SPL Channel One MK3 2130 | Channelstrip



Modification: Without Modification: Lieferung in 1-2 Werktagen

Modification: Lundahl Transformer: Lieferung in 3-5 Werktagen

  • Tube preamplifier with channel strip
  • Compressor, EQ, Transient Designer, De-Esser, Saturator
  • 2 microphone inputs with A/B switch
  • Preamp Out + 2x Outs for processed signal


For over 20 years, the Channel One has been synonymous with a high-quality and extremely musical recording and mixing channel strip.

In the latest Mk3 version, this classic has been fundamentally revised and, in addition to a higher internal audio voltage (now +/- 18 V) for an even more detailed sound, a further improved preamp section, an integrated transient designer, a tube saturation stage and a mic A/B comparison option for two microphones, it has many other great functions that raise the modern recording and mixing studio to a new level of quality. With the De-Esser, Compressor and Equaliser, all the important tools of a real channel strip are still on board. Whether microphone, line or instrument signal – the Channel One Mk3 makes every source sound like a professionally recorded signal.

The new design of the SPL Studio Series perfectly emphasizes the sonic capabilities of the third generation of the Channel One.

  • State of The Art Channelstrip
  • Mic preamp with 68dB gain
  • 2 microphone inputs with A/B switch
  • Lundahl Transformer (optional)
  • Preamp Output + 2 Outputs
  • 3-band EQ with AIR Band
  • Compressor
  • Transient Designer
  • De-esser
  • Tube-Saturator
  • Output-Trim
  • Frequency response: 10Hz – 200 kHz
  • Input noise floor: -126 dBu
  • Noise Mic In: -95 dBu at +30 dB gain


Transformers are transformers that are used as an alternative to electronic balancing stages in inputs and outputs. They are often used in sound engineering as they round off the fundamental range and add a little more pressure. Trebles sound more present and silky. However, in order to achieve maximum precision in signal transmission, electronic stages should be used. Therefore, taste and application are decisive here. If the Luhndahl transformers are used in the microphone input, they provide an additional amplification of 14dB and thus relieve the preamplifier. There is also no additional noise, as the ratio passively raises the level in the transformer. This is why the input transformer is more important for preamplifiers. However, the sonic development is only complete with both transformers together.

Compare two microphones?

No problem!

Channel One Mk3 offers two microphone inputs on the rear panel – Mic A and Mic B. Two microphones can be connected there. This makes work much easier. This means that you no longer have to unplug the microphone when comparing or changing microphones.

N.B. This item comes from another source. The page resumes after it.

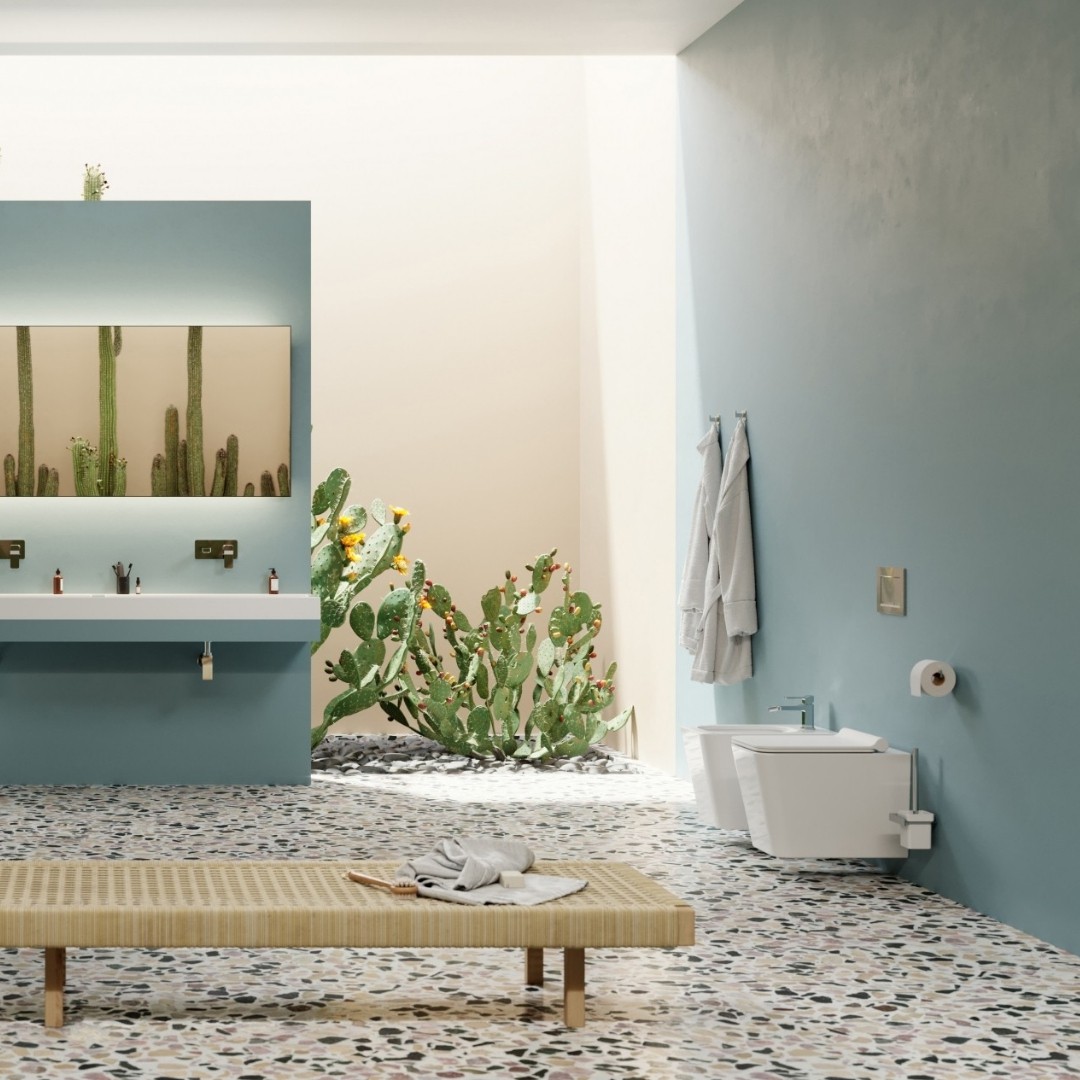 Nowoczesna łazienka w pastelowych kolorach by Omnires!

The 48 V switch activates the 48 V phantom power required for the use of condenser microphones. Phantom power can be activated individually for both microphone inputs.


The preamplification can be adjusted via the gain control. A pre-amplification of up to 68 dB can be realized for microphone signals – so even really demanding microphones can show their qualities.
The control range for line signals is between -20 dB and +16 dB. The control range for instrument signals is between -6 dB and +30 dB.

Preamp Out - directly to the destination

The Preamp Out picks up the signal directly behind the microphone amplifier. This signal can also be recorded on a separate track in the DAW, for example. If you realise after a recording session that the singer was a little louder in the perfect take and therefore the compressor was set a little too high, this incorrect setting can still be changed afterwards. The signal recorded for safety purposes can be played back into the Channel One Mk3 at a later time via the Line In and processed there with all modules.

Equalizer & Air Band

The LMF control is used to set the centre frequency of the semi-parametric bass/mid filter (LMF: Low/Mid Frequencies). The adjustable frequency range is between 30 and 700 Hz, so that this filter covers a range of around 4.5 octaves from the lowest bass range to the lower mid-range.

The semi-parametric MHF filter (MHF: Mid/High Frequencies) operates from 680 Hz to 15 kHz and also covers 4.5 octaves.

The gain of both filters regulates the signal by a maximum of +/- 12 dB. Both filters work according to the proportional-Q principle. This means that the bandwidth depends on the selected amplification or attenuation. This filter behaviour enables musically more meaningful processing of the frequency spectrum than with constant-Q filters: the more intensive the settings are selected, the more precisely the frequency range to be processed is determined in order to minimize influences on neighbouring ranges.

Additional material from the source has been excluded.